Not only because of the slight inconvenience of those first Christmases and Easters spent away from home, but because St. Paul’s had functioned as a kind of “stand in” cathedral for many decades, hosting Diocesan Conventions and diocesan gatherings of different kinds and because St. Paul’s had a history of the kind of good liturgy and great music associated with cathedral churches, I began to wonder about moving Iowa’s cathedral here.

When I floated the idea there was some support –and some resistance! — here and also, of course, at Trinity, Davenport!  Here, because of a concern that “the diocese” and even “the bishop” might exercise too much control over St. Paul’s. In Davenport, obviously, because they had become quite accustomed to being the cathedral after 121 years!
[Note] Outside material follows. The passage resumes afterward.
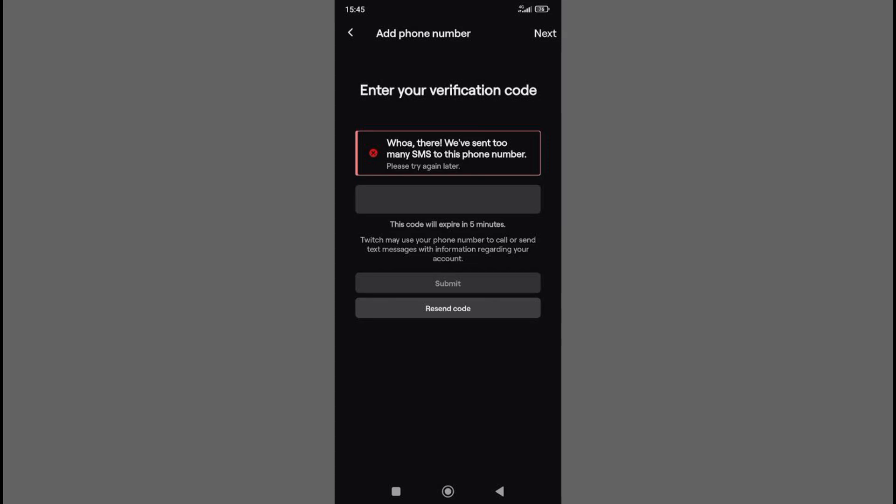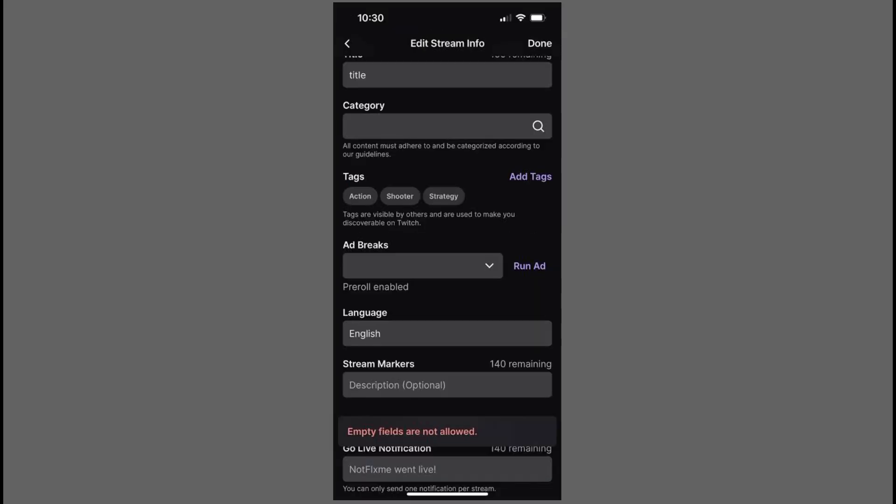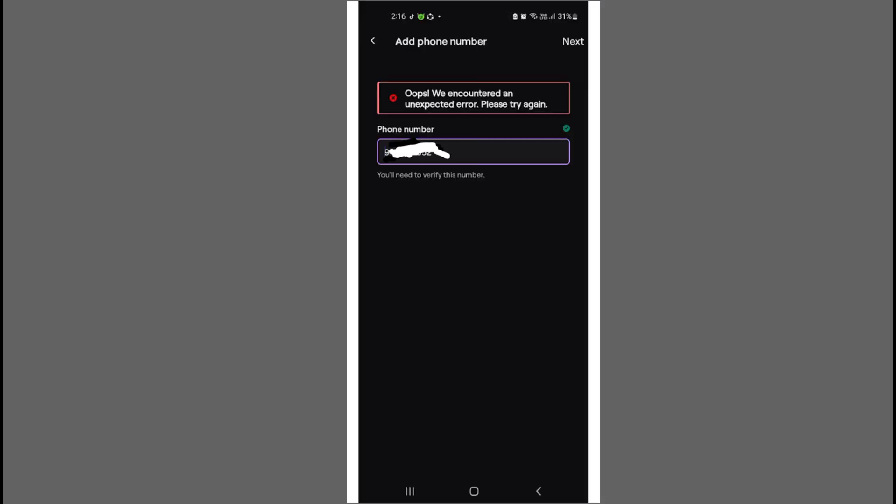Let's get started with the tutorial. First, make sure you have a stable internet connection. A poor connection can affect the app and its ability to send verification codes. Try switching to a Wi-Fi network or using mobile data to see if that resolves the issue.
But, because of the support of Dean John Hall of Trinity and Michael Barlowe who was rector here at the time and — I might add — a little politicking on my part, in 1993 we were able to pass a carefully-crafted Canon at Diocesan Convention entitled “Of the Cathedrals!”  Section 1 reads:

“The Convention of the Diocese of Iowa hereby acknowledges Trinity Church, Davenport, and St. Paul’s Church, Des Moines as the Cathedrals of the Diocese. Trinity Cathedral is recognized as the historic site, and St. Paul’s Cathedral as the liturgical center of the Diocese.” With that, we joined the Diocese of Nebraska and the Diocese of Minnesota – and a few others around the country – as dioceses with two functioning cathedrals, for similar historical reasons.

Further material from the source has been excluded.